There are survival guides that recommend positive and useful strategies to protect us from shark or bear annihilation. There are no handy guides for the young child who feels the annihilation of the depending self. But the human psyche has abundant, flexible, and creative resources for self-protection. One could think of these defenses as more evolved and structured fight or flight responses. We can go numb. We can disassociate from ourselves. We can create an inner world of not caring. We can turn against our own self to create the illusion of oneness with our destructive parent. We can attempt to eradicate all of our vulnerable dependency. These are just a few simple descriptions of the many complex things we do to protect ourselves. Each of these things we do to ourselves get lived out in one way or another in our marriages. (Because, naturally, in our marriages we face the same depth of need for our most important other person.)

In protecting ourselves from the bear we stop the fear and avoid the danger of our physical demise. In protecting ourselves from the hurtfulness of a parent or a partner we stop the experience of vulnerability and compromise a part of ourselves that is most human and able to connect.

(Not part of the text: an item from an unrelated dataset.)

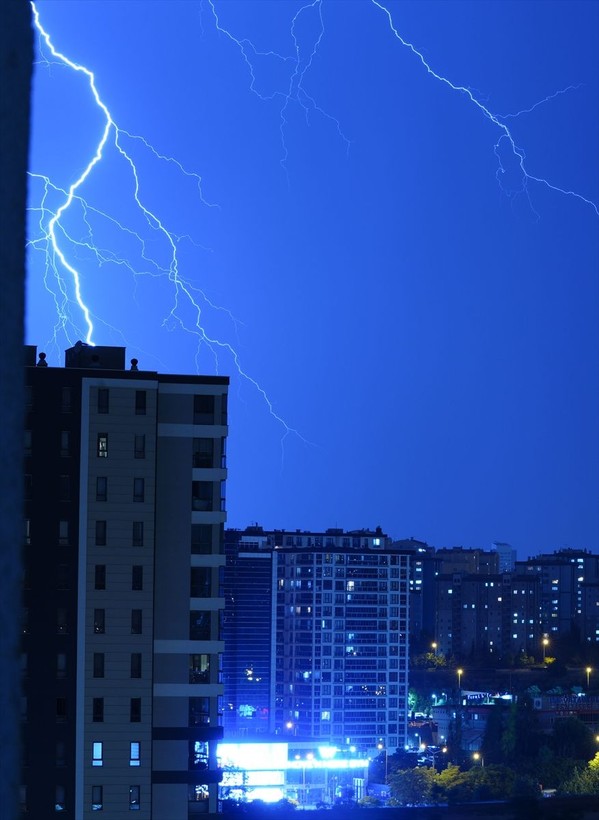 Ankara’da sağanak yağış hayatı olumsuz etkiledi - Resim: 16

Some children grow up with parents who display very little emotional vulnerability, and rarely notice the emotional vulnerability of their child. People who grow up in such families often do not notice their own loneliness or need for comfort. They also do not notice these experiences in their partner. Often, their first recognition of this trouble in their marriages occurs when their partners become dissatisfied with the lack of emotional connection in their relationship.

Marriage is an opportunity to allow our vulnerable selves to touch and be touched by the most important person in our life. This opportunity is one of the fundamental challenges of a committed relationship, which evokes, by its very importance, all of our efforts to both protect and to reveal oneself.

To meet this challenge we each must learn to value and support our own vulnerability. We also have to seek and find the ground between us where vulnerable experience can grow. This can bring tremendous satisfaction to both partners. When couple therapy goes well, it does so, in part, by helping each person in their goal of learning to open, support, and reveal their vulnerability in the presence of their partner. When couple therapy goes well, it does so, in part, by helping each partner develop the empathy necessary to make it safe for this kind of self-revelation of vulnerability.